Disamping itu, Selain gizi dengan jumlah lemak tinggi faktor diet dengan nilai gizi rendah juga cenderung dapat meningkatkan terjadinya kanker ovarium (Manuaba, 2001 : 670).
Resiko terbesar terjadinya kanker ovarium adalah ovulasi yang terus berlangsung tanpa entrupsi dalam waktu lama. Penggunaan metode pil KB, kehamilan multiple dan menyusui yang menurunkan frekuensi dari ovulasi tampaknya memberikan proteksi terhadap kejadian kanker (Donielle & Jane, 2000 : 165).
     
C. Patofisiologi
Pertumbuhan tumor primer diikuti oleh infiltrasi ke jaringan sekitar menyebabkan berbagai keluhan seperti perasaan sebah, makan sedikit terasa cepat kenyang, sering kembung, nafsu makan menurun.
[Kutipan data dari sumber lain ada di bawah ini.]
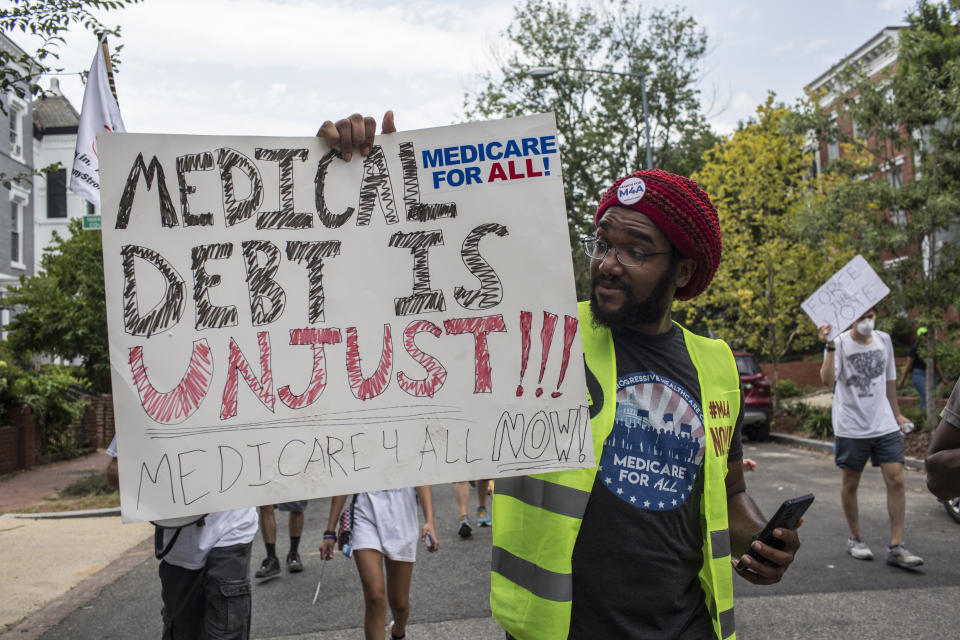 A man holding a medical debt sign gathers near the Capitol as he takes part in the March for Medicare for All in Washington D.C. on July 24, 2021. (Photo by Probal Rashid/LightRocket via Getty Images)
Kecenderungan untuk melakukan implantasi dirongga perut merupakan ciri khas suatu tumor ganas ovarium yang menghasilkan asites. Kanker ovarium merupakan kumpulan tumor dengan histiogenesis yang beraneka ragam, dapat berasal dari ketiga dermoblast (ektodermal, entodermal, mesodermal) dengan sifat-sifat histologis maupun biologis yang beraneka ragam (Manuaba, 2001 : 400).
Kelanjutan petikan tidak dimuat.